■ Task description
As an exercise in exact copying, transcribe the lines below from the one holding "Table de bout" through the last, with both ends included and pictures left out.

───── Records shown ─────

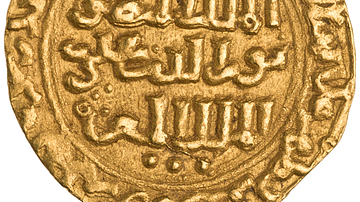 Gold Coin of Mamluk Sultan Al-Mansur Ali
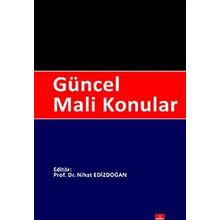 GÜNCEL MALI KONULAR - NIHAT EDİZDOĞAN
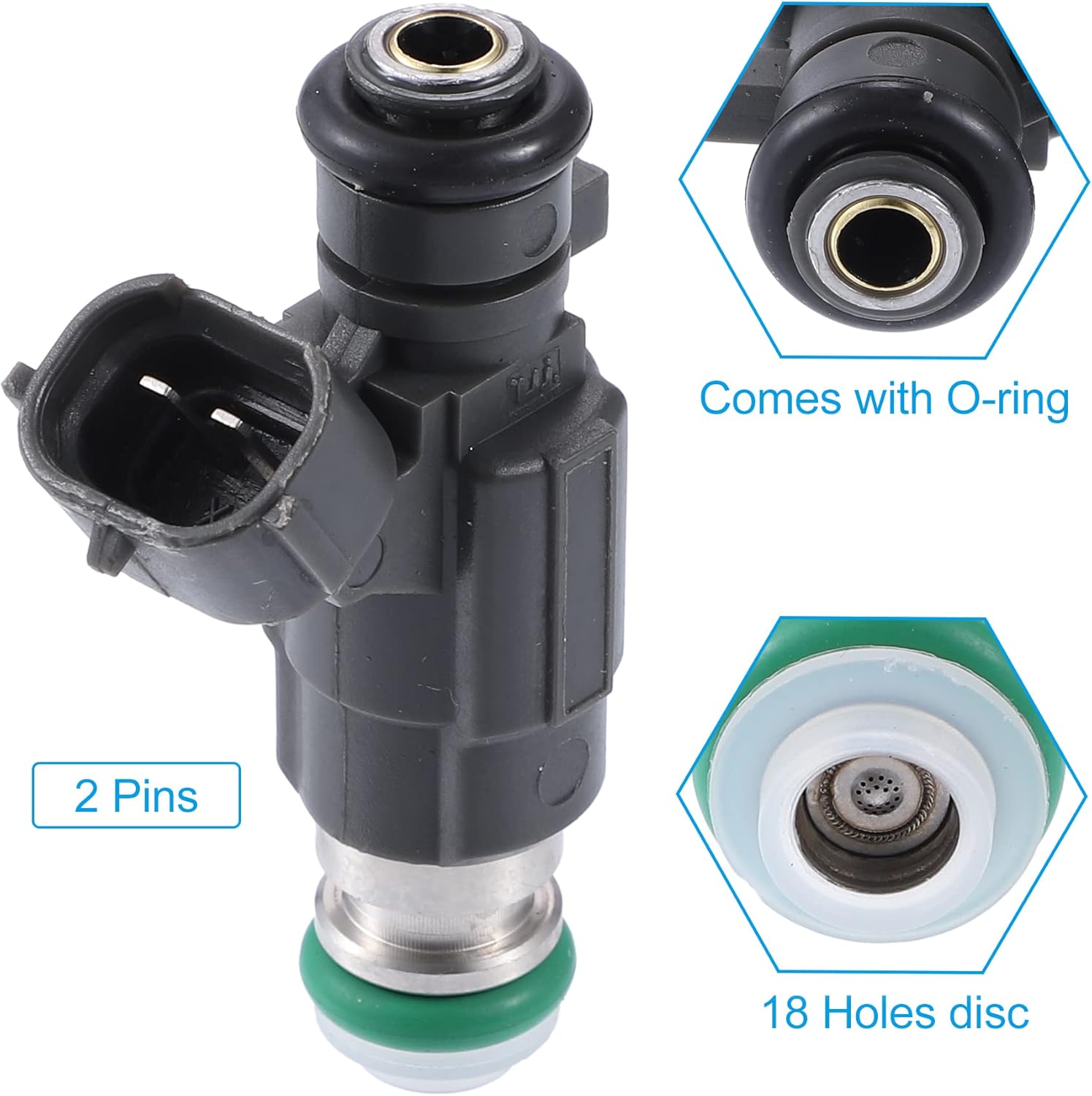 X AUTOHAUX 6 inyectores de combustible 16600-AE060 FBJC101 para Nissan Altima 2002-2005 para Nissan Maxima 2002-2003 para Nissan Murano 2003 3.5L
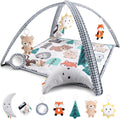 Peanutshell Unisex Baby Play Gym & 7-in-1 Play Mat - Woodland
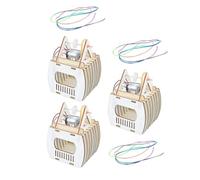 Yardwe Kit de 3 Puzzles en Bois à Construire - Modèle Artisanal de Téléphérique Touristique 3D - Scientifique Éducatif pour Garçon et Filles - Puzzle Bois DIY pour Développement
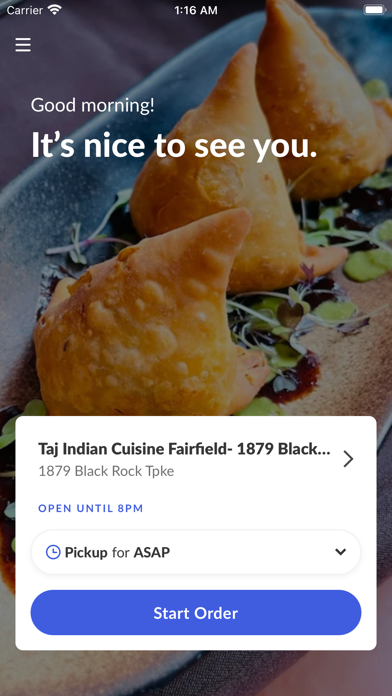 Screenshot 2 of TAJ Indian Fairfield App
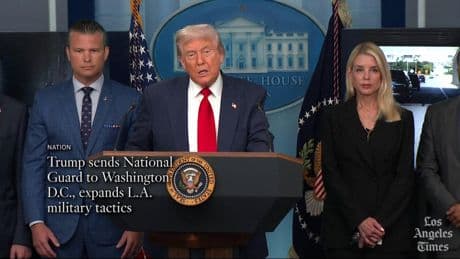 Trump expands L.A. military tactics by sending National Guard to Washington, D.C.
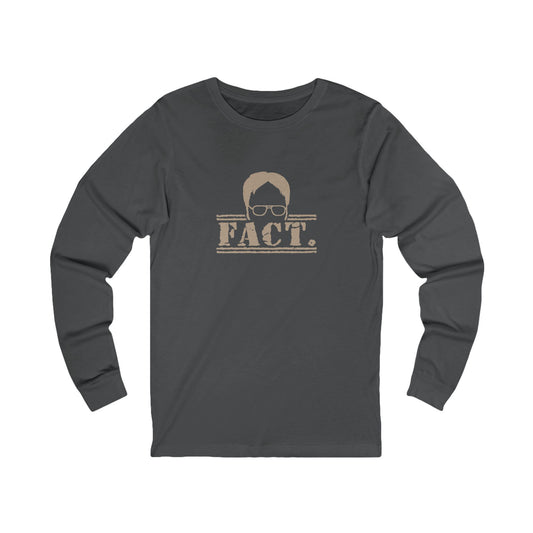 Dwight Schrute FACT. — The Office-Inspired Long Sleeve (Dark)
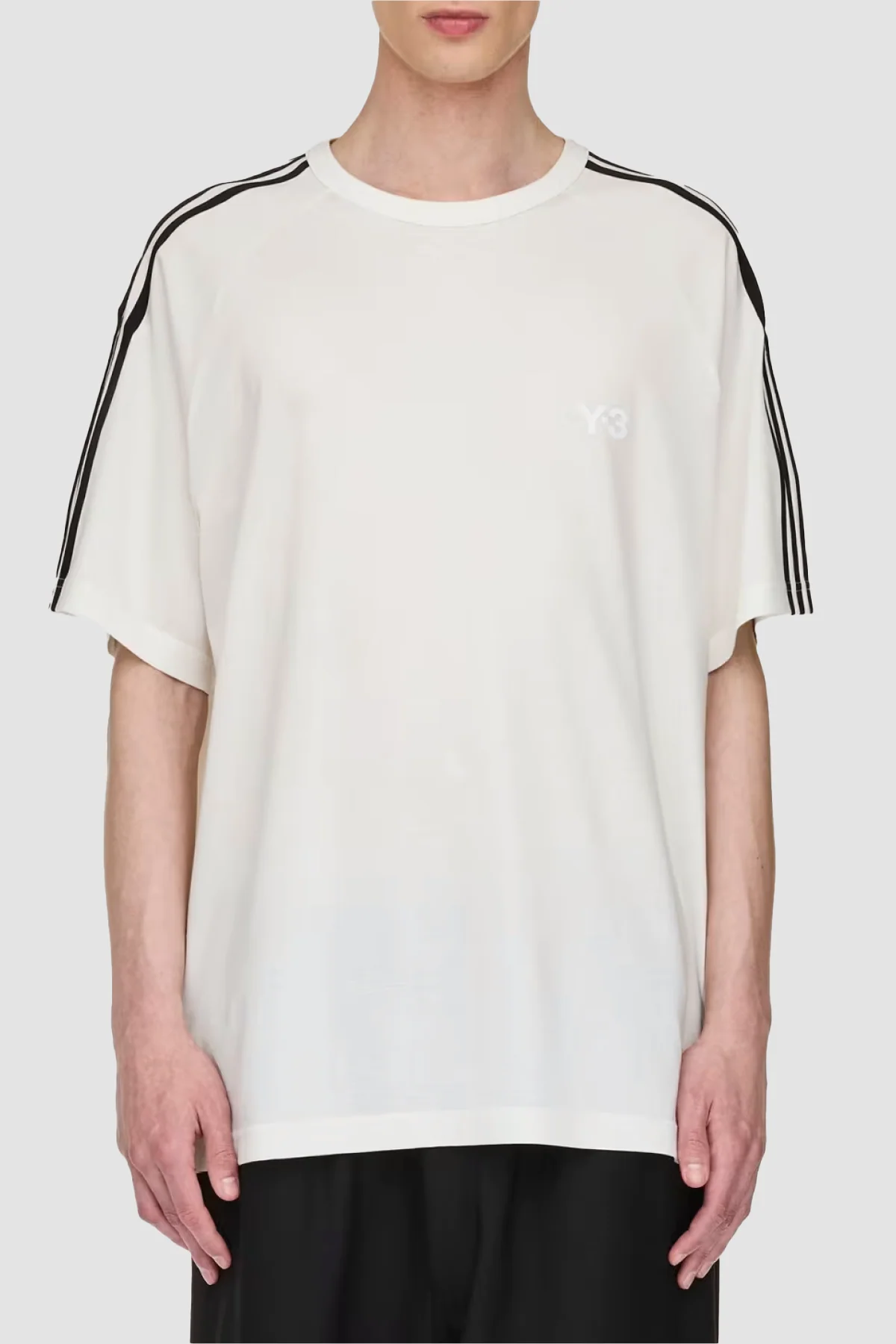 Y-3 3-Stripes S/S - White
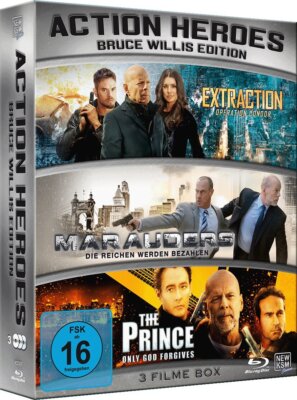 Action Heroes - Bruce Willis Edition 3 Filme  3 Blu-ray's/NEU/OVP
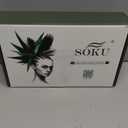 SOKU Twist Box Braided Wigs for Black Women 4x4 Braided Lace Front Wigs with Baby Hair 13 Inch Ready to Wear Glueless Wig for girls Synthetic Short Curly Natural Brown Color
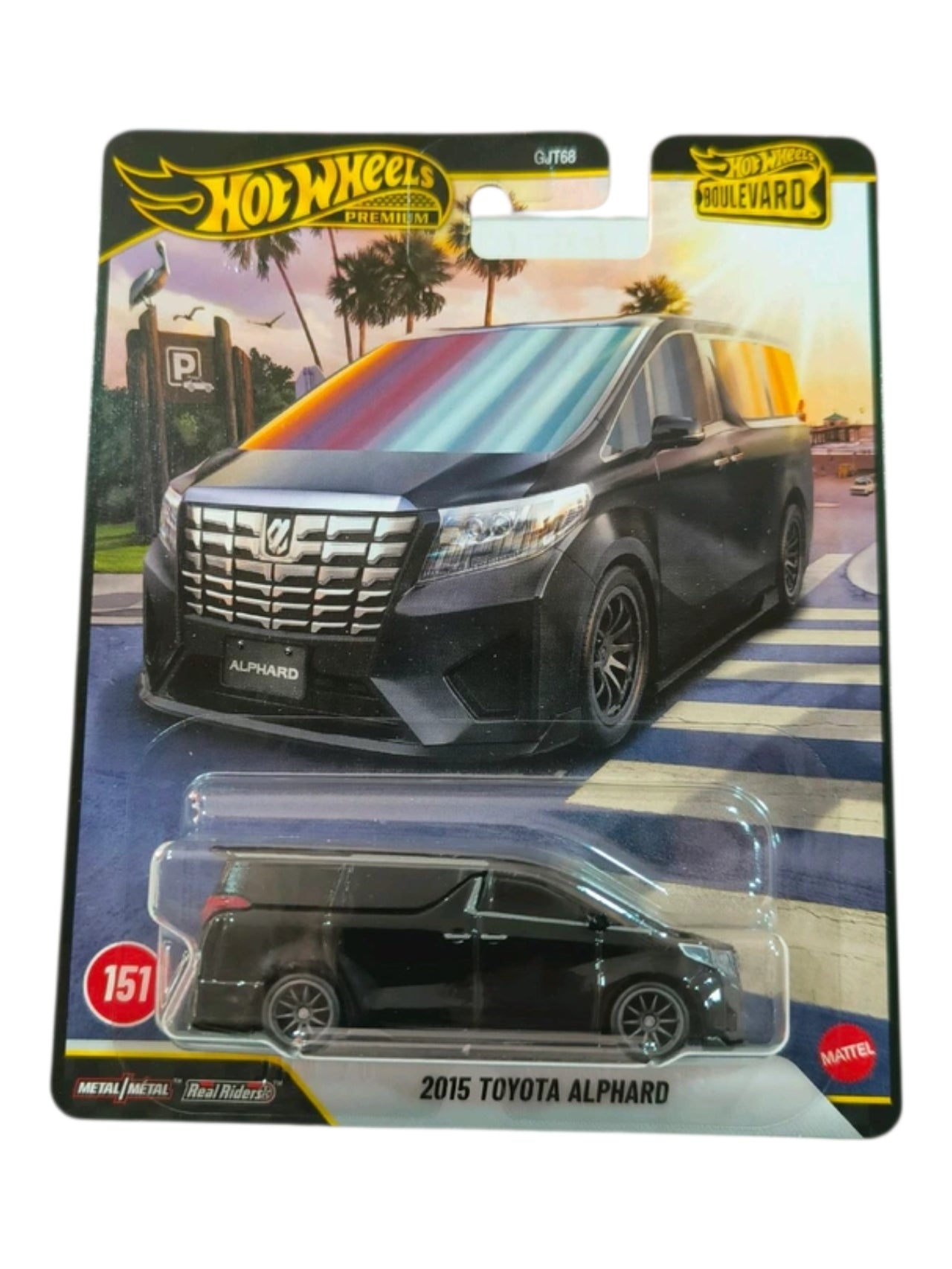 HotWheels 2015 Toyota Alphard Imported Premium 1:64 Scale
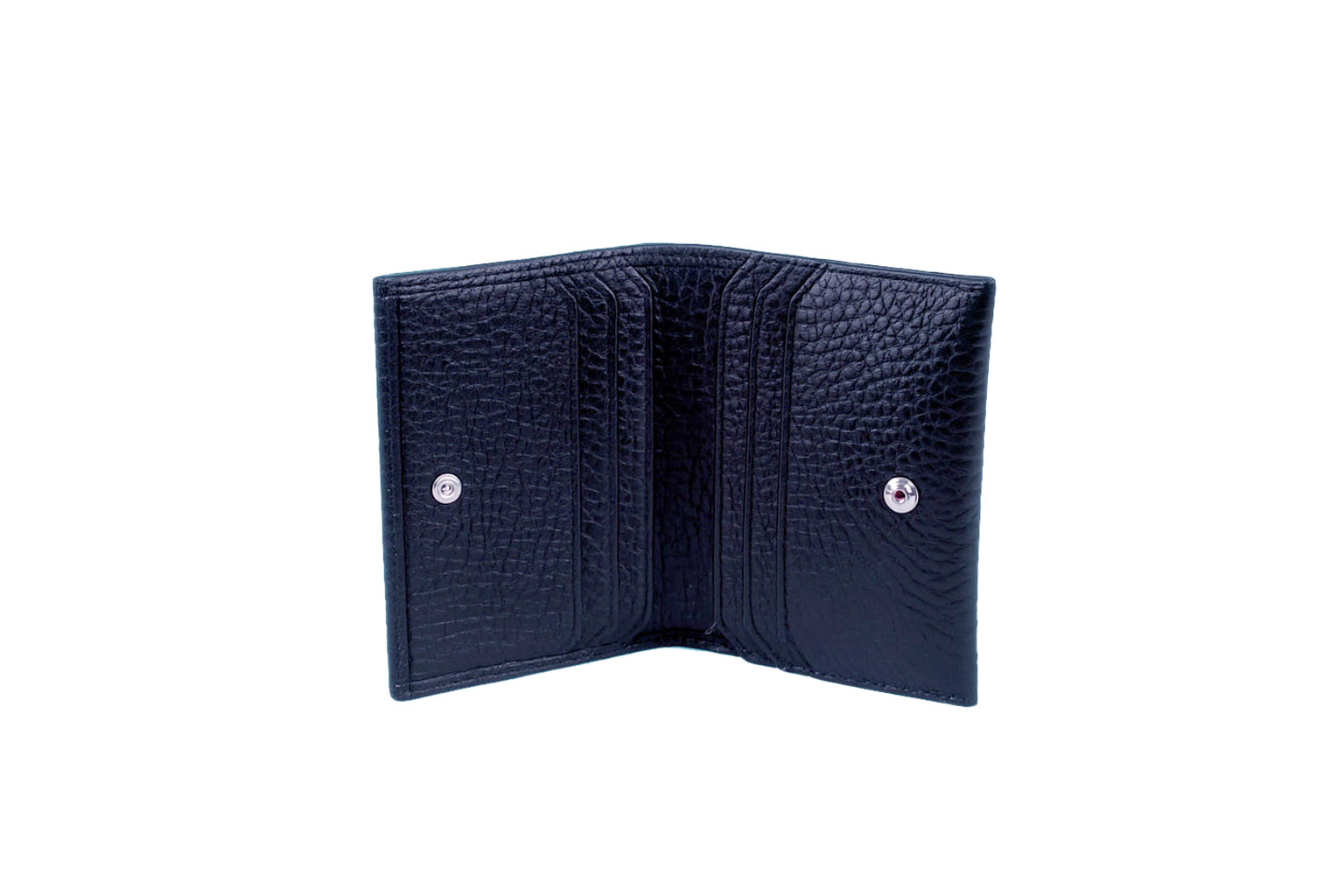 A Class Hakiki Deri Flotr Siyah Cüzdan 10,7×7,8×2 cm - Image 4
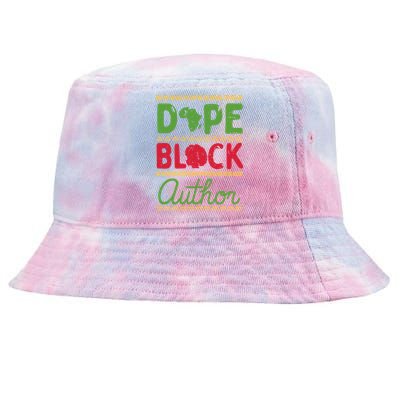 Black Writers Dope Black Author Gift Tie-Dyed Bucket Hat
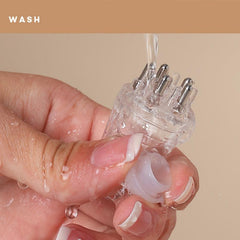 Scalp Applicator Rolling Ball Massage Comb Liquid Applicator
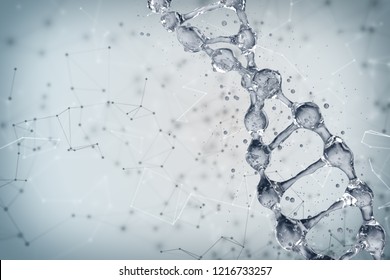 Science background with DNA molecules. 3D rendering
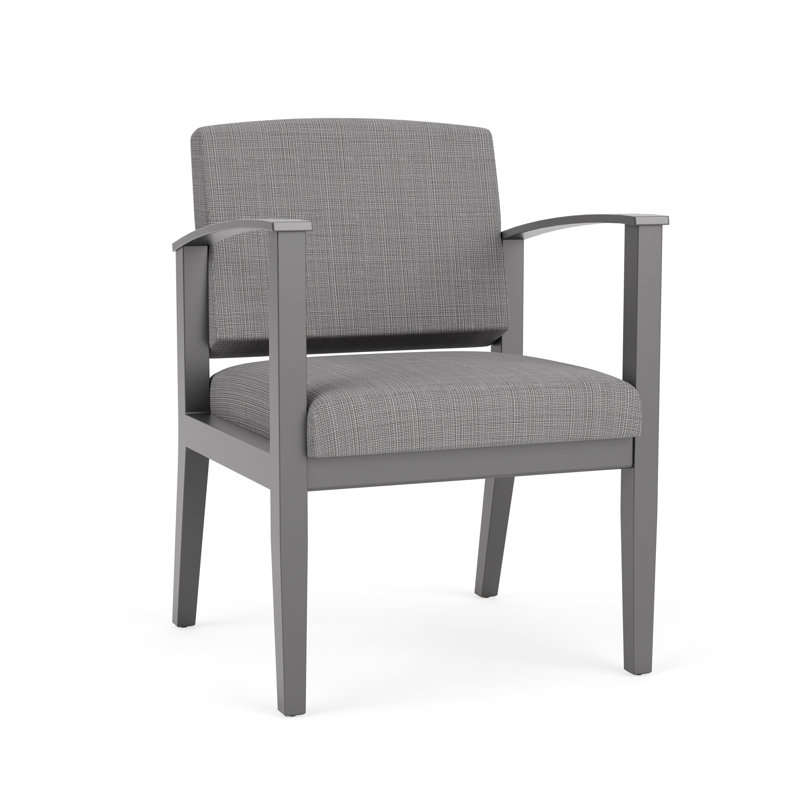Table de bout en bois Amherst, Étain, Gris chambray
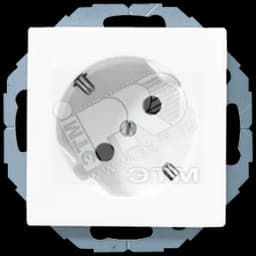 Розетка штепсельная SCHUKO 16A 250V угол наклона 45 гр. белый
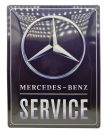 Service Mercedes - Benz - placă metalică (30x40cm)
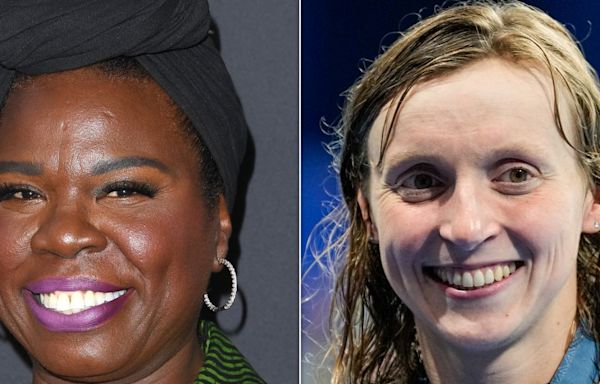 Leslie Jones Asks Katie Ledecky A Gross Question About Olympic Swimming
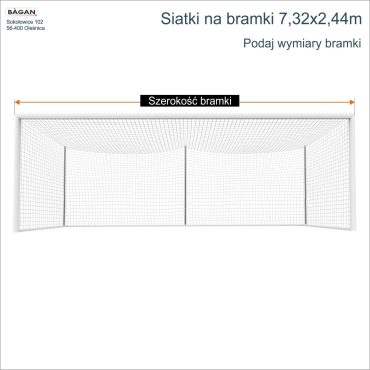 Siatki na bramki - 7,32x2,44m - podaj wymiary bramki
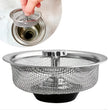 Stainless Steel Sink Strainer with Plug - Kitchen Debris Filter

─────

■ Output
Table de bout en bois Amherst, Étain, Gris chambray
 Розетка штепсельная SCHUKO 16A 250V угол наклона 45 гр. белый
 Service Mercedes - Benz - placă metalică (30x40cm)
 Leslie Jones Asks Katie Ledecky A Gross Question About Olympic Swimming
 Siatki na bramki - 7,32x2,44m - podaj wymiary bramki
 Stainless Steel Sink Strainer with Plug - Kitchen Debris Filter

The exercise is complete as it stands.